Activity: Set the data down again, exactly as it reads, but without the pictures.

Exercise inputs:
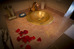 Thumbnail 59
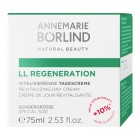 ANNEMARIE BÖRLIND LL REGENERATION Vitalisierende Tagescreme Limited Edition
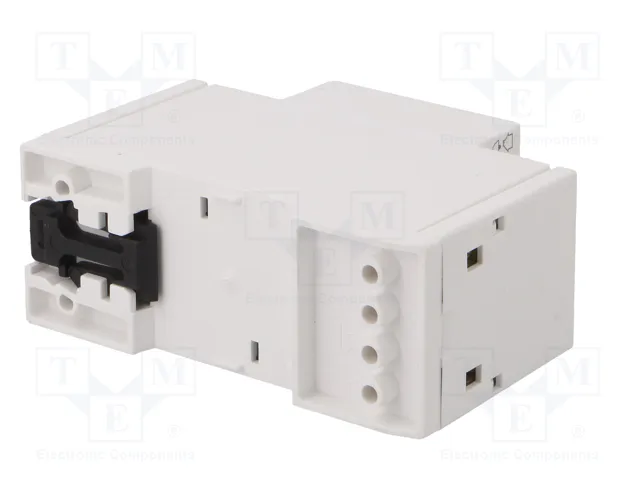 SCHNEIDER ELECTRIC Transformador de red ACTI9 8VA 230V AC a 8V/12V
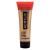 Farba akrylowa AMSTERDAM 20 ml (802 - Light Gold)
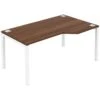 Elite Matrix Bench Ergonomic Desks -Office Furniture 054130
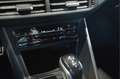Volkswagen Polo 1.0 TSI 2X R-Line keyless cruise carplay led pdc c Gris - thumbnail 23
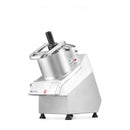 Hendi vegetable cutter professionista, 750W, 230V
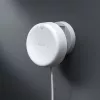 Multisensor Smart Home Aqara PS-S02D luz movimiento con cable inalámbrico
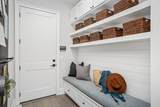7286 Murrel Drive - Photo 33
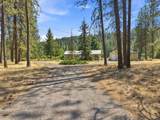 15325 Charles Rd - Photo 34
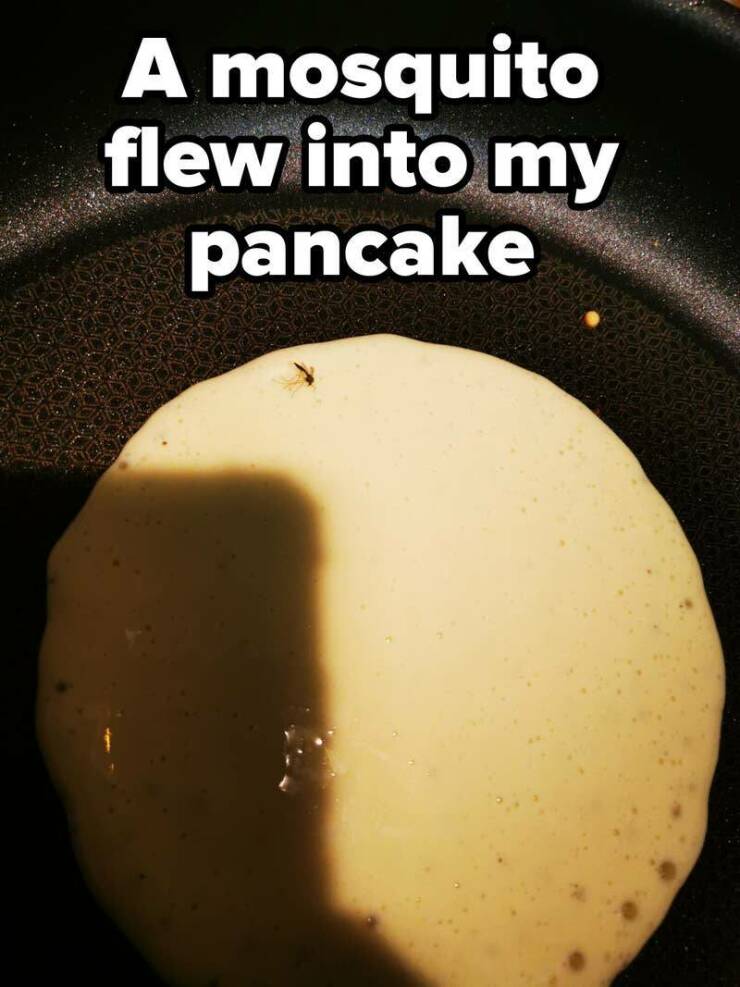 Bad Days Happen (16 pics)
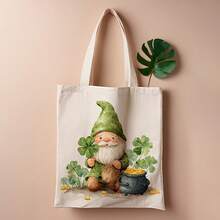 Kids Shoulder & Tote Bags - A - View 8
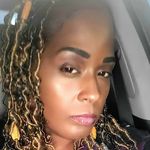 DeShone Davenport Smith - @delmik0610 - Instagram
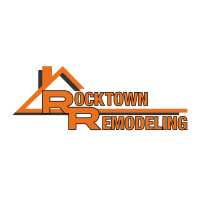 Rocktown Remodeling, LLC Logo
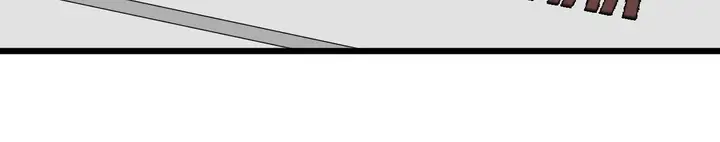 image-komik-badminton-ghost-chapter-8-2/15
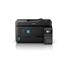 Impressora Multifuncional Tanque de Tinta Epson EcoTank L5590, Colorida, Wi-Fi, Conexão USB, Bivolt
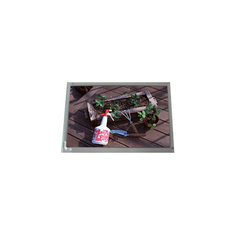 32L'écran de module LCD LQ315D1LG9N 3840*2160 LVDS de 0,0 pouce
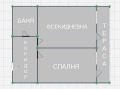 Продава 2-СТАЕН, гр. София, Манастирски ливади, снимка 9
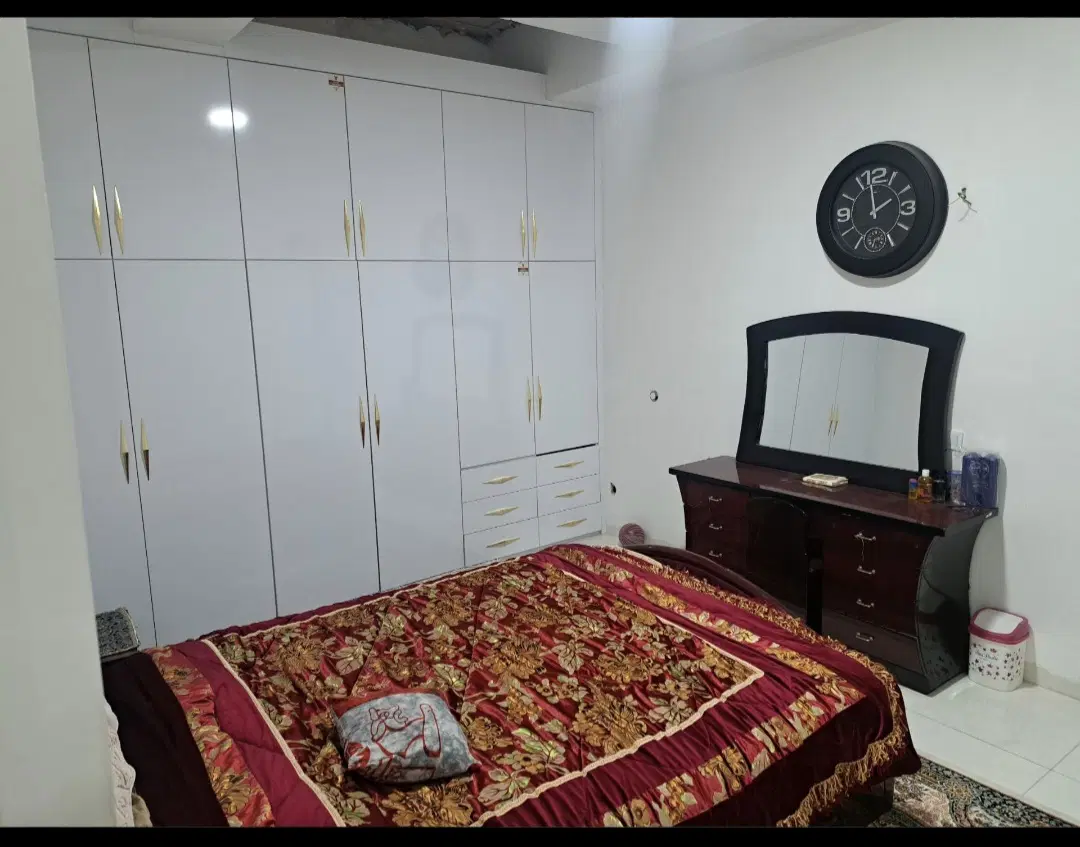 فروش آپارتمان ۱۸۰ متری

Reply:
 Thumbnail 59
 ANNEMARIE BÖRLIND LL REGENERATION Vitalisierende Tagescreme Limited Edition
 SCHNEIDER ELECTRIC Transformador de red ACTI9 8VA 230V AC a 8V/12V
 Farba akrylowa AMSTERDAM 20 ml (802 - Light Gold)
 Elite Matrix Bench Ergonomic Desks -Office Furniture 054130
Volkswagen Polo 1.0 TSI 2X R-Line keyless cruise carplay led pdc c Gris - thumbnail 23
 Hendi vegetable cutter professionista, 750W, 230V
 Multisensor Smart Home Aqara PS-S02D luz movimiento con cable inalámbrico
7286 Murrel Drive - Photo 33
 15325 Charles Rd - Photo 34
 Bad Days Happen (16 pics)
 Kids Shoulder & Tote Bags - A - View 8
 DeShone Davenport Smith - @delmik0610 - Instagram
 Rocktown Remodeling, LLC Logo
 image-komik-badminton-ghost-chapter-8-2/15
 Impressora Multifuncional Tanque de Tinta Epson EcoTank L5590, Colorida, Wi-Fi, Conexão USB, Bivolt
 32L'écran de module LCD LQ315D1LG9N 3840*2160 LVDS de 0,0 pouce
 Продава 2-СТАЕН, гр. София, Манастирски ливади, снимка 9
 فروش آپارتمان ۱۸۰ متری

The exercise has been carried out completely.